For those of you who know me – both closely and my friends and followers on the social networks – I’m sure you’re figuring out that I’m going through some pretty complicated and painful life changes.
Betrayal. Hurt and pain. People destroying families and lives, and friendships.
I’m caught in the middle of this hurricane, neither completely blameless nor able to remove myself from this storm.
It would be easy to lash out, to hurt, to cause pain in return. It’d be equally easy to justify all that as things other people deserve, things that they brought on themselves, to tell myself that it was my right to mete out whatever justice I could see fit through yelling and screaming and hurting other people.
Someone reminded me last night of a great quote:
“Anger is like taking poison to try to kill someone else”.
No matter how angry I get, no matter how much I want to force feelings of shame, remorse, repentance, and self-loathing into and onto others, I can’t.
My anger hurts me. My anger hurts the people left in this horrible situation that I still care about: the children who will have to deal with the repercussions and pain for years and years to come.

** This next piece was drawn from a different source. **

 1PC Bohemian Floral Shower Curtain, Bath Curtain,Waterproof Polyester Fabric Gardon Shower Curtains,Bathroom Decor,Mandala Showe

Children who don’t understand why families are being torn apart, lives being uprooted, and are caught in the middle, hurt and sad and confused.

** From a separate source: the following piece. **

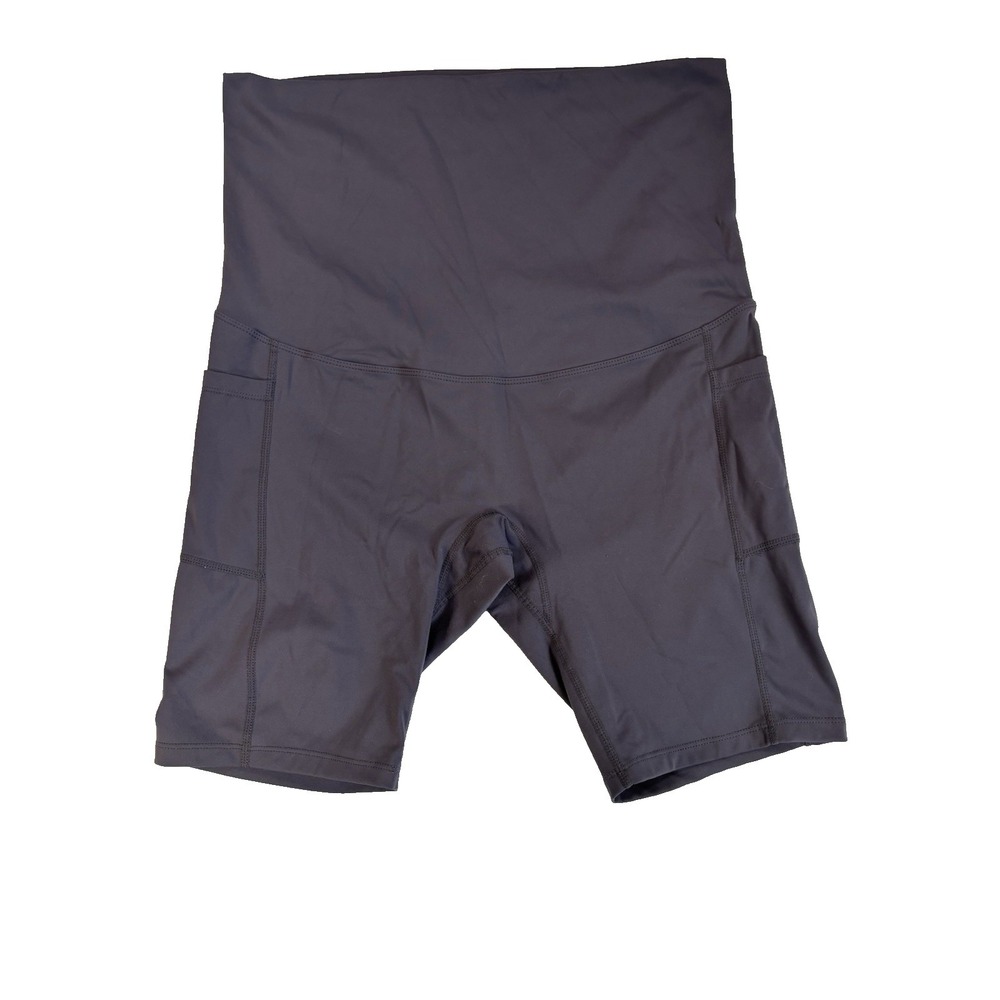 POSHDIVAH Women's L Maternity Yoga Shorts Summer Workout Pockets Gray Over Belly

My anger just adds to that hurt.
It is difficult to remove myself from the daily pain just the presence of these people are causing in my life. At work and at home, there is no escape from the regular reminders of just how selfish and hurtful two people can be, how carelessly they regard the feelings of others, how unaware they are of the damage and wreckage they leave behind them. But, in order to work, to live my life, be the Dad my two girls need, and to find peace, that’s what I have to do.
This isn’t a post so much about other people and their actions, as it is me trying to sort through this all and make sense of what’s happening. I’m being as circumspect as I can, out of respect for people who aren’t yet ready to talk about what’s going on, but still – as I often do – I’ll work through my issues both privately and to some extent publicly. It’s who I am.
I’ve lost my center – at this point, I’m not sure I can see my center from where I am. But, I have to find it again.
I have to remember that I deserve so much better than what I’ve been dealt, and that no amount of forgiveness that I can offer, no amount of loneliness or sadness means that I will settle for less than I deserve.
Until I figure that out – how to find my center again, how to find at least peace – you may see a lot of public thinking. Here, on the Twitters and Facebooks, and elsewhere. If that’s not something you want to see, ignore me, unfollow me, hide me.
Otherwise, stick around to watch the mess unfold. Offer your friendship and understanding. In any case, your friendship and support, True Believers, is welcome and appreciated.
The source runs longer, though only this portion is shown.